The Victorian dining table was loaded with flatware and china––a nod to the era’s taste for complex dining menus, obsession with formal etiquette, and the influence advertising had on consumers’ purchasing habits. The era’s trend towards service à la russe, in which each course was delivered to the table separately, required servants and clean table settings for each course.

Manufacturers took note, advertising and producing a dizzying amount of flatware, glassware, and china, like this sherbet cup and saucer, for all tastes and budgets.

A typical Victorian dinner table setting at the Sir George-Étienne Cartier National Historic Site of Canada in Old Montreal, Quebec.

This particular cup was made by Charles Ahrenfeldt, who moved his porcelain business to Limoges, France in the 1830s. It was then exported to Dresden, Germany where it was decorated by Ambrosius Lamm. Lamm’s studio became one of the leading workshops in Europe for decorative wares, typically featuring detailed figures and impasto work (raised gilt paste decorations).
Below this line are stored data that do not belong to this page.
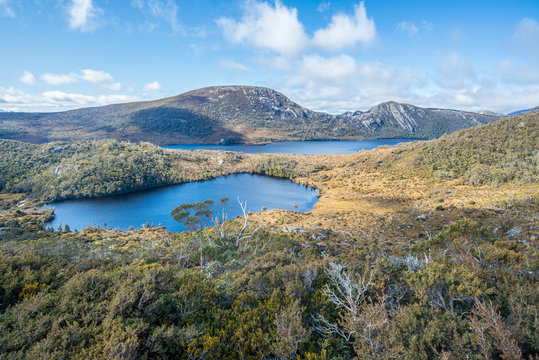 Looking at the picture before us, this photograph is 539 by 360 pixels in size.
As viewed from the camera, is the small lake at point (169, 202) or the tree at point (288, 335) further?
the small lake at point (169, 202)

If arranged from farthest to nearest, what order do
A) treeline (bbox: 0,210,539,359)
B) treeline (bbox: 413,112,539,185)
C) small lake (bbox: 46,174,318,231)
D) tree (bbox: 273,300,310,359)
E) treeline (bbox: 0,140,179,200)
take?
treeline (bbox: 0,140,179,200) → small lake (bbox: 46,174,318,231) → treeline (bbox: 413,112,539,185) → tree (bbox: 273,300,310,359) → treeline (bbox: 0,210,539,359)

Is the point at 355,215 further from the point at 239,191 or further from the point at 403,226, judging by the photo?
the point at 239,191

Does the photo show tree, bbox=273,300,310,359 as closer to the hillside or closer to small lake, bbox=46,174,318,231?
the hillside

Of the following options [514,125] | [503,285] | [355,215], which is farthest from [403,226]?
[514,125]

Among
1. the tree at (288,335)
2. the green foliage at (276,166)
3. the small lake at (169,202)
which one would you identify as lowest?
the small lake at (169,202)

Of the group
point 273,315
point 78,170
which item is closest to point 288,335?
point 273,315

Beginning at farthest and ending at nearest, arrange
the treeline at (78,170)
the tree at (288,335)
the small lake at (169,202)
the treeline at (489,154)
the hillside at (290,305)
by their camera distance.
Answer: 1. the treeline at (78,170)
2. the small lake at (169,202)
3. the treeline at (489,154)
4. the tree at (288,335)
5. the hillside at (290,305)

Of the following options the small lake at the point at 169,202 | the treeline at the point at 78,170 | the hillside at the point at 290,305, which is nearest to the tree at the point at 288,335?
the hillside at the point at 290,305

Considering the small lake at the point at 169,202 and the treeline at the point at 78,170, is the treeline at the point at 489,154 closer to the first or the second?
the small lake at the point at 169,202

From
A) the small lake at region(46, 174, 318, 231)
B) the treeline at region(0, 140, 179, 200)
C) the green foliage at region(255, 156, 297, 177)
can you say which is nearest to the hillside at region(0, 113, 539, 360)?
the small lake at region(46, 174, 318, 231) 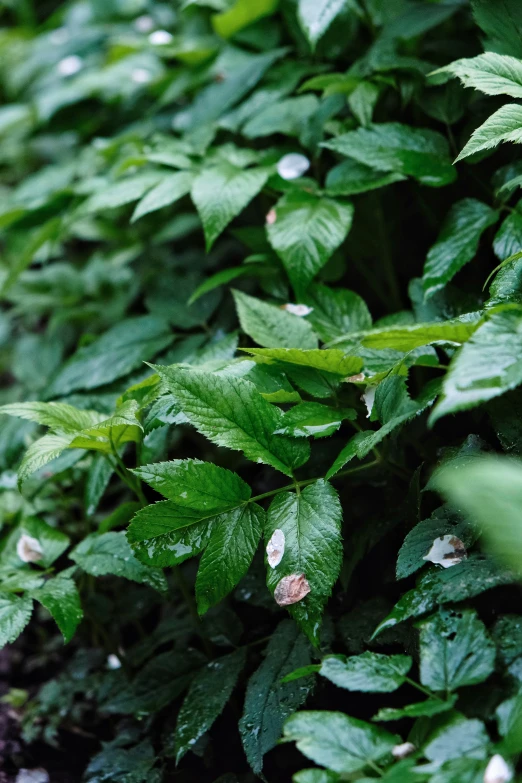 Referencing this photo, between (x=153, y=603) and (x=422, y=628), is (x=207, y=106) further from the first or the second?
(x=422, y=628)

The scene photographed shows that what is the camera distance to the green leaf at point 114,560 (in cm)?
95

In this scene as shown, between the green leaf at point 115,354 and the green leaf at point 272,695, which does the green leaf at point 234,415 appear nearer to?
the green leaf at point 272,695

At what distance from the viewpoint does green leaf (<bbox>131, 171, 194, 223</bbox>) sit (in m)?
1.25

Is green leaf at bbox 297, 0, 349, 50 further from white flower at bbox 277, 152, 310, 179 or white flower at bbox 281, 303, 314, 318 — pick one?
white flower at bbox 281, 303, 314, 318

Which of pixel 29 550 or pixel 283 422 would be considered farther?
pixel 29 550

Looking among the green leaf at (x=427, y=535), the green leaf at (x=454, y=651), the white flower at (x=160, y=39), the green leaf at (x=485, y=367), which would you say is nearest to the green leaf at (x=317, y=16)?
the white flower at (x=160, y=39)

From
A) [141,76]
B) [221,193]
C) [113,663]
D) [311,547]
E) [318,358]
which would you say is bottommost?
[113,663]

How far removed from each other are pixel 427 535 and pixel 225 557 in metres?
0.27

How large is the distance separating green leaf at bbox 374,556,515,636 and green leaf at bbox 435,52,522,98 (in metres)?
0.66

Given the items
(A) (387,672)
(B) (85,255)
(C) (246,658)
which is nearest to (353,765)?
(A) (387,672)

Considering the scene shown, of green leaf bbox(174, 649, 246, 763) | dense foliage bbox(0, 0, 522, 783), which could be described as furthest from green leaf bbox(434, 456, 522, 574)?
green leaf bbox(174, 649, 246, 763)

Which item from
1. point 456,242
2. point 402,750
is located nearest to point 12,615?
point 402,750

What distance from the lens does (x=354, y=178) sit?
1.21 m

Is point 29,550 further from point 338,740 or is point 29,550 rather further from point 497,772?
point 497,772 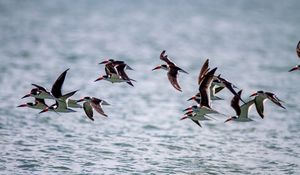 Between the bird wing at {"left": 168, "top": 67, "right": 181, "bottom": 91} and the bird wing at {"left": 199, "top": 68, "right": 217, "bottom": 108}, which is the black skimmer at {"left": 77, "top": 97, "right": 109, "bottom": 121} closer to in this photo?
the bird wing at {"left": 168, "top": 67, "right": 181, "bottom": 91}

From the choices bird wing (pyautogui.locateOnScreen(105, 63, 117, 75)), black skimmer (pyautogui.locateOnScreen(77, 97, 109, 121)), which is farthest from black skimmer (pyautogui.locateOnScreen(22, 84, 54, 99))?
bird wing (pyautogui.locateOnScreen(105, 63, 117, 75))

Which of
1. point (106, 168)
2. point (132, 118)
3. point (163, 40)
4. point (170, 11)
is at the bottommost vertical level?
→ point (106, 168)

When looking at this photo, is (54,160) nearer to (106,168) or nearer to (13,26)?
(106,168)

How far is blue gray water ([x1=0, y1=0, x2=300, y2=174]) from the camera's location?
27.1 metres

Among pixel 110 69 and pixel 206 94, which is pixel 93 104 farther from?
pixel 206 94

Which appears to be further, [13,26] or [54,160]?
[13,26]

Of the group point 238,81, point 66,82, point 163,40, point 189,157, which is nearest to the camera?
point 189,157

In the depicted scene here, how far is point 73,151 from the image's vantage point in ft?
91.6

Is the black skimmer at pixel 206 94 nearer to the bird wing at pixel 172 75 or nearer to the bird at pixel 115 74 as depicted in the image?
the bird wing at pixel 172 75

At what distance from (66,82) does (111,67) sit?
1755 centimetres

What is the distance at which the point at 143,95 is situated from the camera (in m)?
41.9

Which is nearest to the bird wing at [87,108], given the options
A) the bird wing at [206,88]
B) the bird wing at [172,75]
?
the bird wing at [172,75]

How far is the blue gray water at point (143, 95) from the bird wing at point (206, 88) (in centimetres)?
247

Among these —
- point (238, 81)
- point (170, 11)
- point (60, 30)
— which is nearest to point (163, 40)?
point (60, 30) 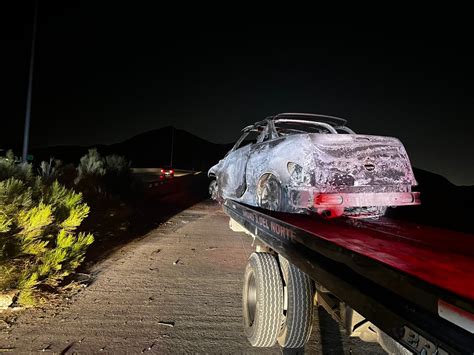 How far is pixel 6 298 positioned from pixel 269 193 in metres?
3.61

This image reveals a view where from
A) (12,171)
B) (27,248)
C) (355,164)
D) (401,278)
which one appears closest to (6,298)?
(27,248)

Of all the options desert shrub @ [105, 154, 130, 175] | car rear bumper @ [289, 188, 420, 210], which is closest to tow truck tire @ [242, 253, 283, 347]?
car rear bumper @ [289, 188, 420, 210]

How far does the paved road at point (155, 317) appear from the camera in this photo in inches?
139

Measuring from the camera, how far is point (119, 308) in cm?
440

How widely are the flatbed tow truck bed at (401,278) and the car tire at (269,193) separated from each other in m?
1.52

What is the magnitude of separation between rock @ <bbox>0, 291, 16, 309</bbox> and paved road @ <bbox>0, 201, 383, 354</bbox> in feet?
1.25

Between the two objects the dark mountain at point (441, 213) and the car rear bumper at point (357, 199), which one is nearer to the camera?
the car rear bumper at point (357, 199)

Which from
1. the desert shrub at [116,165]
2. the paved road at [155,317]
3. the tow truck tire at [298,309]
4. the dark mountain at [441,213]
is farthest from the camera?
the dark mountain at [441,213]

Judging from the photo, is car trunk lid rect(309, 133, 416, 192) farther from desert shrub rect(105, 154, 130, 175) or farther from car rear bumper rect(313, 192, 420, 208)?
desert shrub rect(105, 154, 130, 175)

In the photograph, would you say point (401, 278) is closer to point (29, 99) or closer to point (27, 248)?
point (27, 248)

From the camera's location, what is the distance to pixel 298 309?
3.04m

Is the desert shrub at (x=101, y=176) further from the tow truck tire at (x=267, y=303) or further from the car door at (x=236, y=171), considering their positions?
the tow truck tire at (x=267, y=303)

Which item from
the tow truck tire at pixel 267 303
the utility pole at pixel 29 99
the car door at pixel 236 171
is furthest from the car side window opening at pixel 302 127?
the utility pole at pixel 29 99

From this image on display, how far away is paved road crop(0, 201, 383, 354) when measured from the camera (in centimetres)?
352
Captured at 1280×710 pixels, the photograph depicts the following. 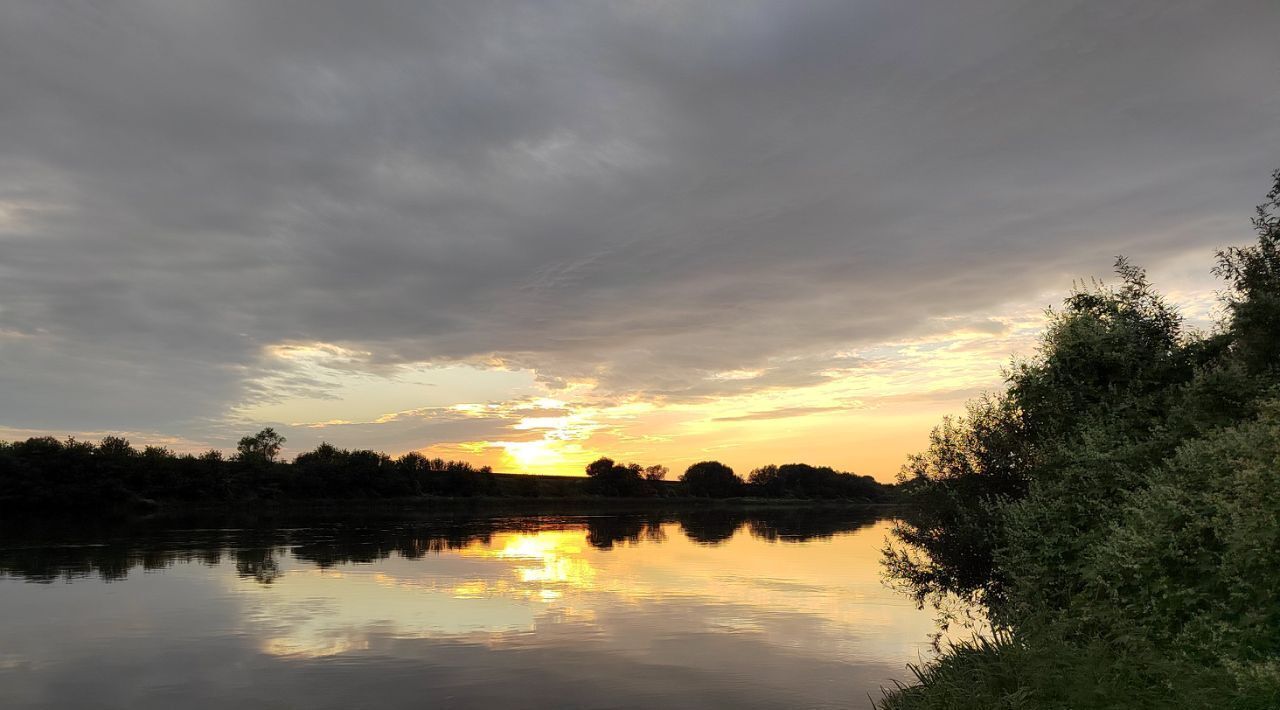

Purchased by Eleanor Deane Audigier when she was living and traveling in Europe in the early 1910s, this sherbet cup is lavishly decorated, and is an example of the type of porcelain that would have graced the table of the upper class during that time period. It is decorated with fashionable scenes of courtesans.

Strawberry Sorbet

Strawberry Sorbet

Why sherbet cups? Sherbet was a fashionable addition to the Victorian table. It is, as you can see below in a snippet from an 1899 cookbook, a “cooling drink” made from water and fruit juice (usually lemon)––only later was sherbet made with milk or egg white as well (in America––in Britain sherbet is a drink). Sherbet and sorbet came to be used interchangeably. It was meant to cleanse the palate between heavy multi-course Victorian meals.

From Mrs. Gillette’s Cook Book, 1899

Don’t believe me about the heavy Victorian meals? Check out the New York Public Library’s incredible “What’s on the menu?” database of menus, which are sortable by era. The menu below is pretty typical, and includes clams, consomme, a relish plate, fish, beef, lots of vegetable sides, and then a sorbet to cleanse the palette before some chicken, mayonnaise with lettuce, and lots of dessert. It makes my stomach hurt just thinking about it!

An 1899 meal for the Brooklyn Tabernacle Sunday School Association, Courtesy of New York Public Library, Call No. 1899-446.